Getting Congress to pass almost any legislation concerning voting in U.S. elections is very difficult, and it will continue to be as long as the Senate filibuster persists and Democrats and Republicans remain intensely divided. Many election reform proposals get sucked into the same decades-old conflict: Senate Democrats generally want more robust federal standards to protect voting rights, and Senate Republicans mostly want to leave election administration up to the individual states. These positions are hard to reconcile.
However, giving up is not an option, because these are unusually troubled times for American democracy. Partisan officials have always fiercely contested the outcomes of elections, but some are now challenging the democratic system itself—and, worse yet, taking steps to undermine it. In the past two years, there have been a range of efforts to destabilize elections that have no recent precedent, including tampering with election equipment,1 threatening and harassing election officials,2 and refusing to certify election results.3 In addition, many candidates for public office have campaigned on the premise that previous elections were fraudulent and that election results should not be respected.4 Unless action is taken, threats to elections are likely to increase.

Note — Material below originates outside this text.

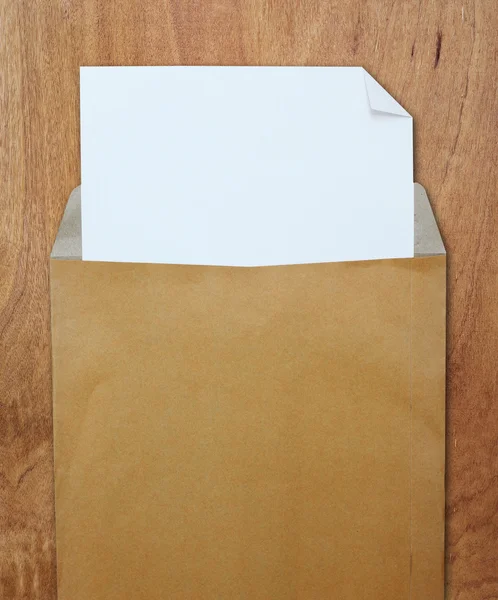 beyaz kağıt üzerine tahta arka plan ile kahverengi Zarfı açtı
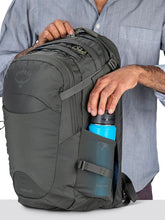 Load image into Gallery viewer, A man sliding a water bottle on the side panel's pocket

As a nation, we must ensure that every election is fair and free from interference.
For the United States to continue as a democracy, the wind must be taken out of these sails. As a nation, we must ensure that every election is fair and free from interference. The challenge is determining how to do that in a politically feasible way. At a minimum, any proposal to protect elections from the serious threats that they are facing will likely have to balance Republican concerns about federalism with Democratic concerns about voting rights, which is no easy feat.
However, a new Center for American Progress proposal—presented below—attempts to thread that needle in order to address a core problem facing American democracy. This issue brief first looks more closely at the problem and then provides an overview of the proposed solution as well as the path forward.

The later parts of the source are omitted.